* _Task goal_
Transcribe exactly, and only, the lines running from the one with "zu Berg ab." to the end of the entries below, both included, without any pictures.
[Start of Attachment]
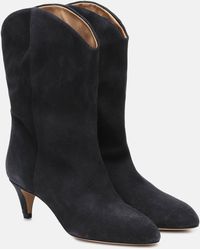 Isabel Marant - Dernee Western Suede Mid-calf Boots - Lyst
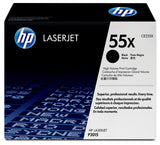 HP 55X High Yield Black Original LaserJet Toner Cartridge tonerpatron 1 stk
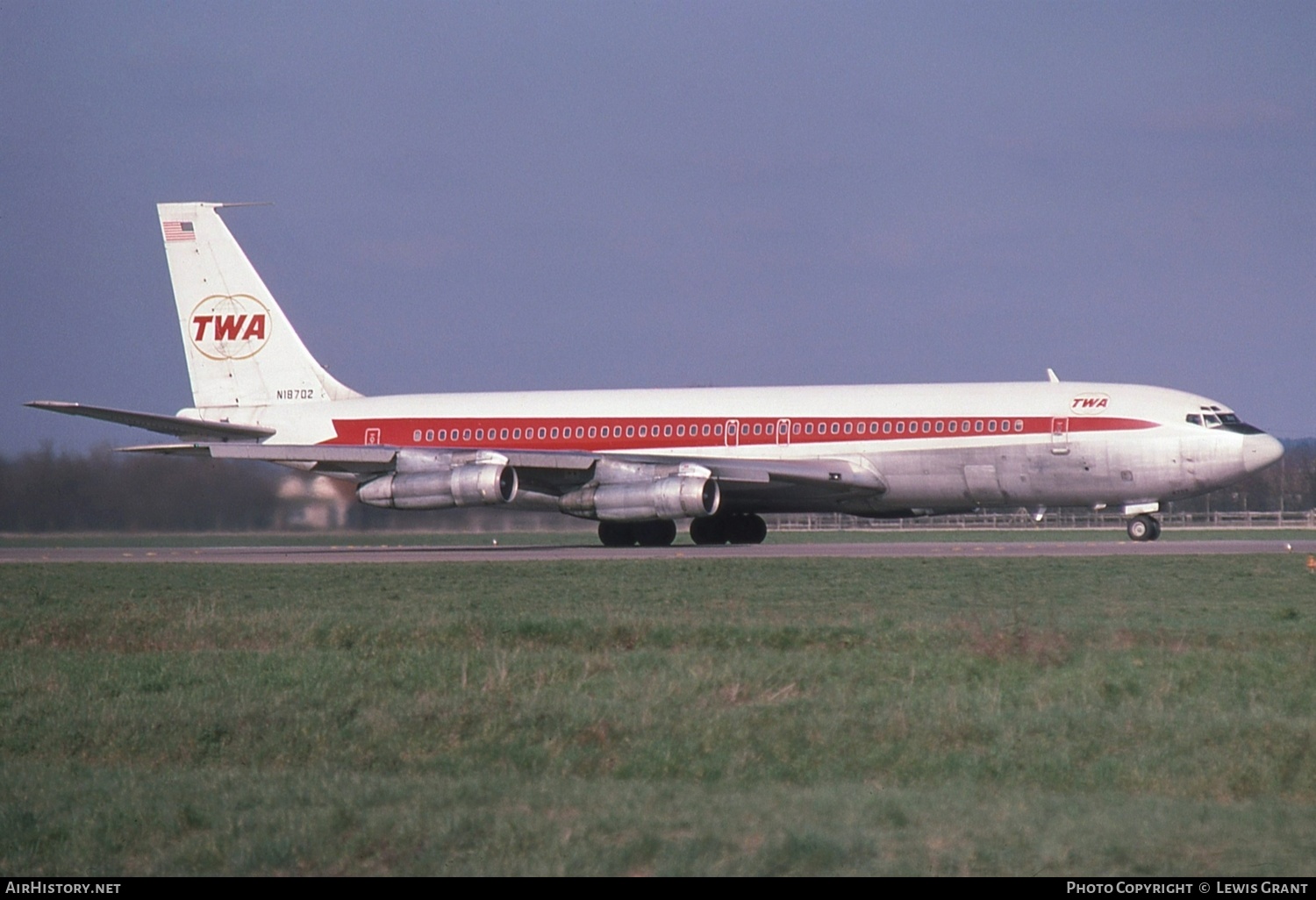Aircraft Photo of N18702 | Boeing 707-331B | Trans World Airlines - TWA | AirHistory.net #398874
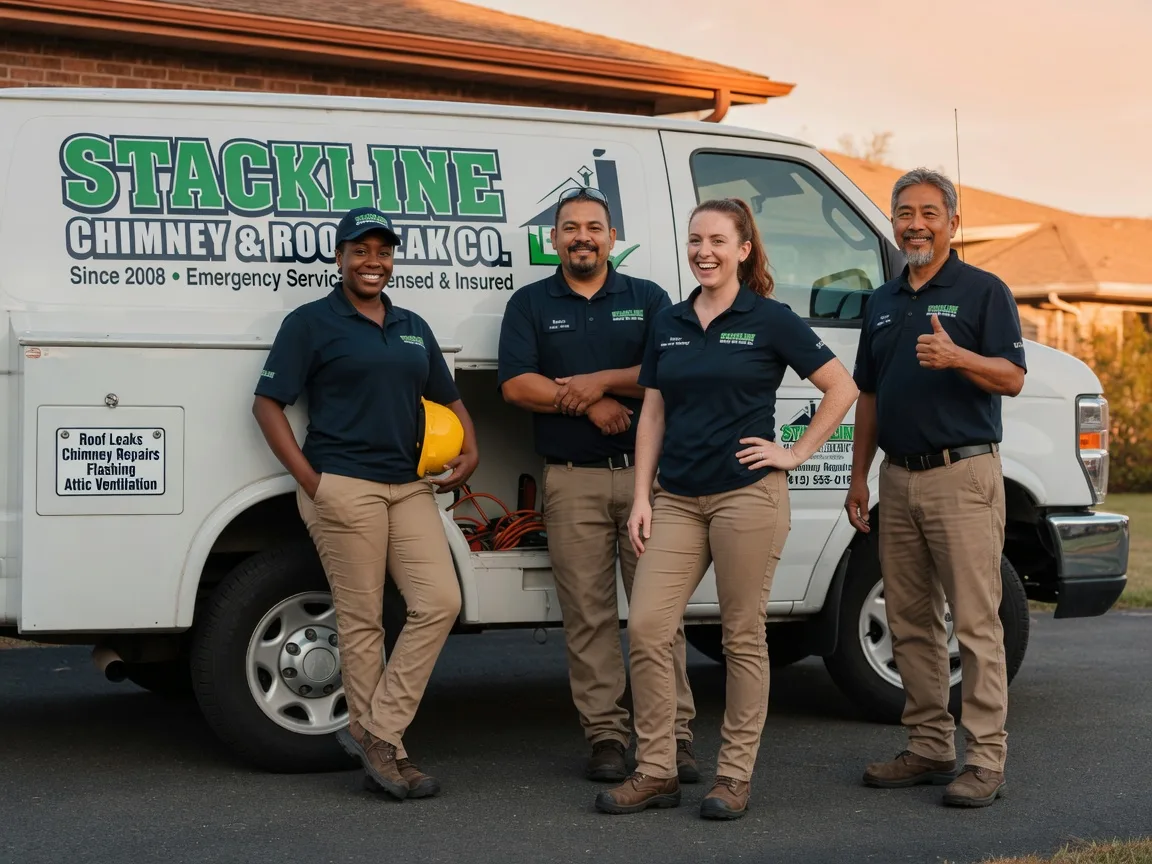 Chimney flashing repair company in Long Lake, MI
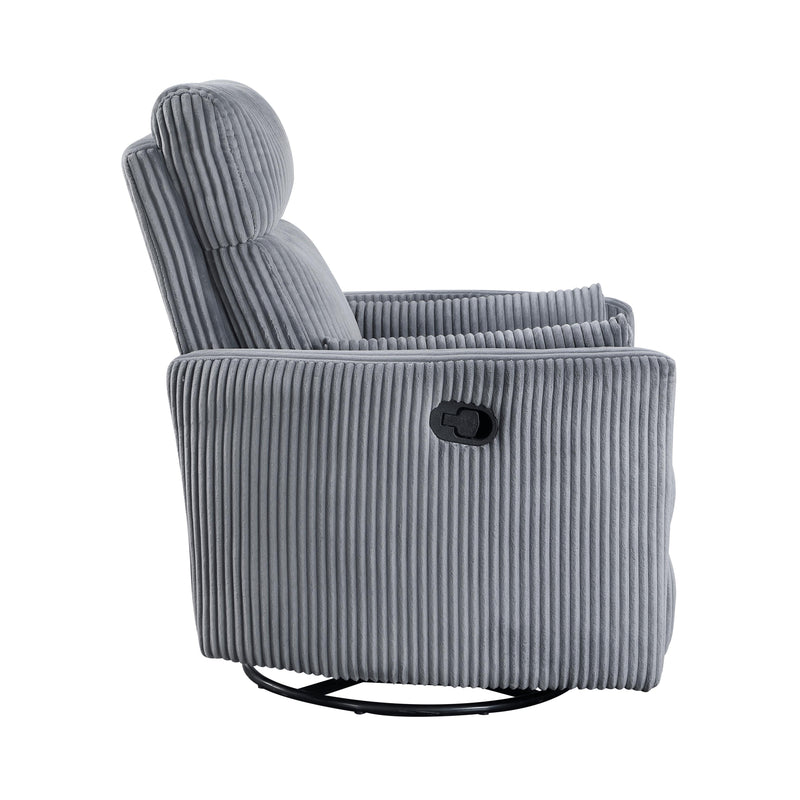 Homelegance Traverse 8555GY-1SW Swivel Glider Reclining Chair IMAGE 4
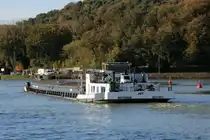 GMS  JOY  (02315872 , 80 x 8,24m)  am 26.10.2024 im Nassen Dreieck. Das GMS befuhr den  DORTMUND-EMS-KANAL  zu Tal und bog nach Steuerbord in den Mittellandkanal zu Berg ab.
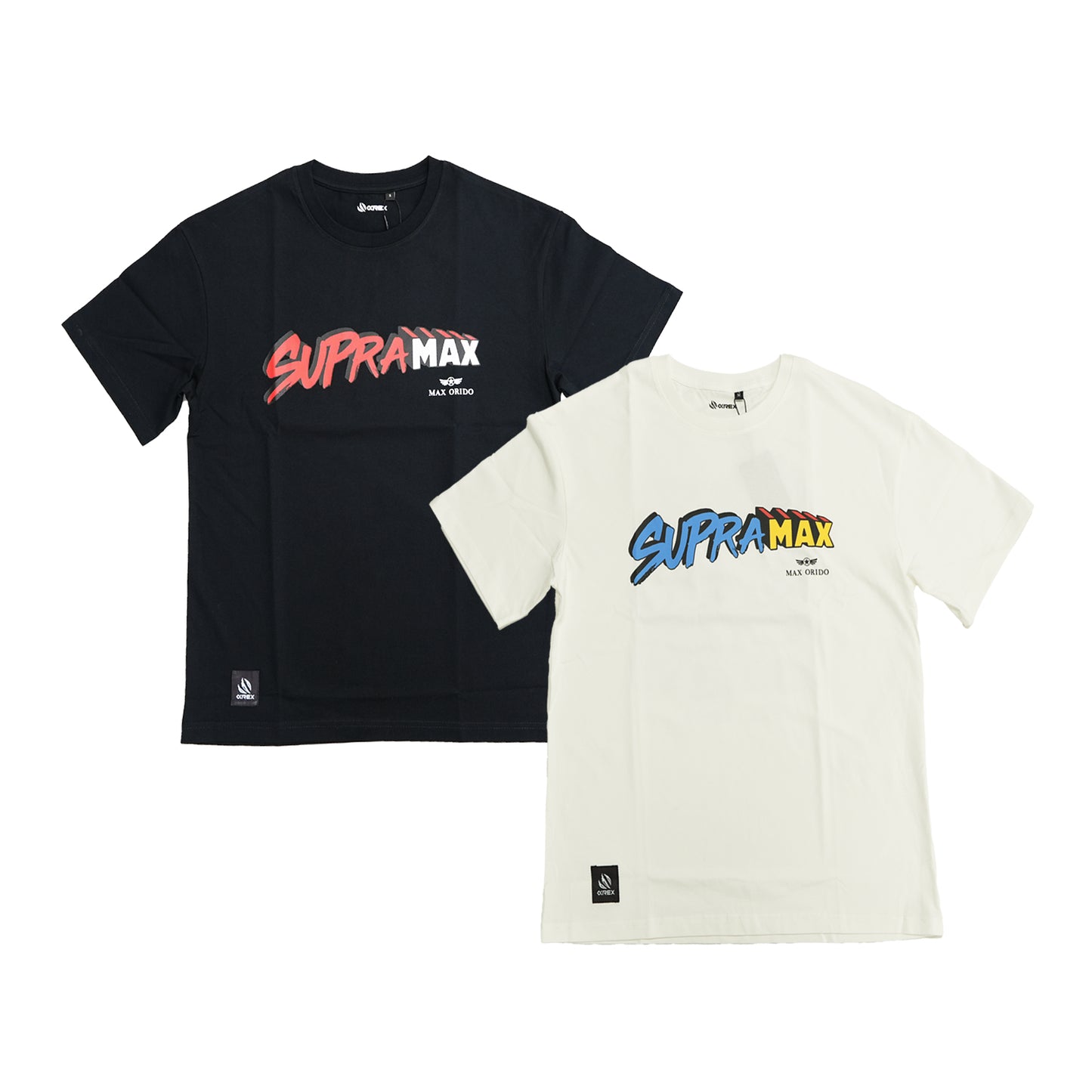 AlphaRex x MAX ORIDO GR SUPAR Supra Max クルーネックTシャツ(半袖)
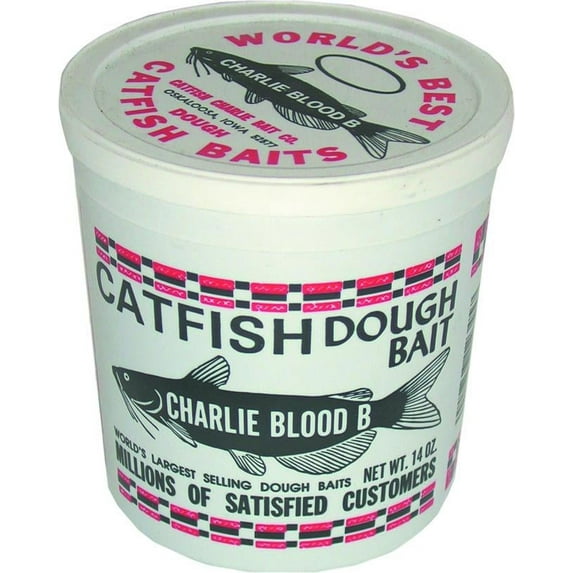 Catfish Charlie Dough Bait.  Charlie Blood B
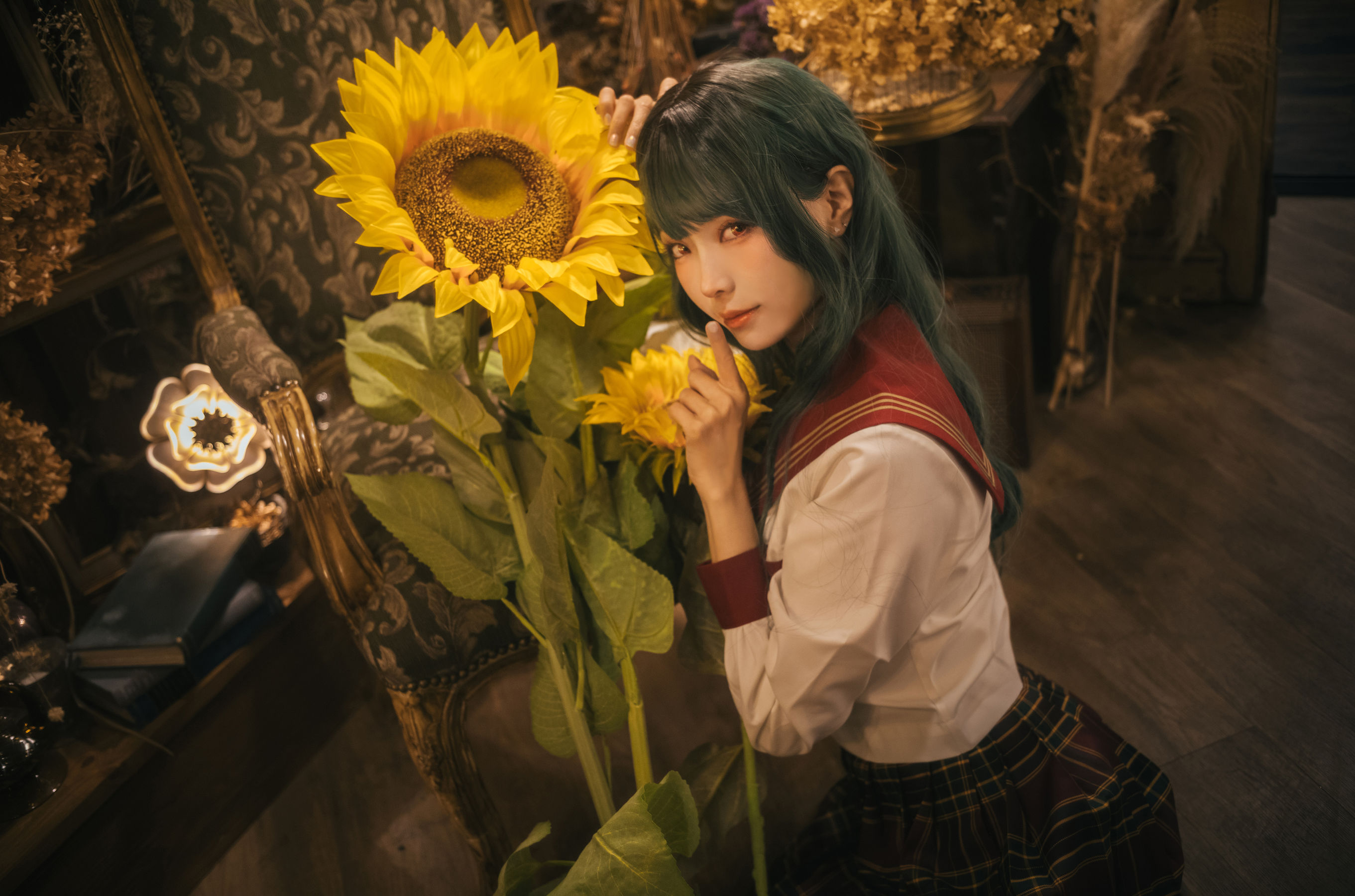Ely_eee(ElyEE子) - Kazami Yuuka ~ Uniform 幽香制服  第5张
[End of Attachment]
* _Task answer_
 GMS  JOY  (02315872 , 80 x 8,24m)  am 26.10.2024 im Nassen Dreieck. Das GMS befuhr den  DORTMUND-EMS-KANAL  zu Tal und bog nach Steuerbord in den Mittellandkanal zu Berg ab.
 AlphaRex x MAX ORIDO GR SUPAR Supra Max クルーネックTシャツ(半袖)
 Catfish Charlie Dough Bait.  Charlie Blood B
Ely_eee(ElyEE子) - Kazami Yuuka ~ Uniform 幽香制服  第5张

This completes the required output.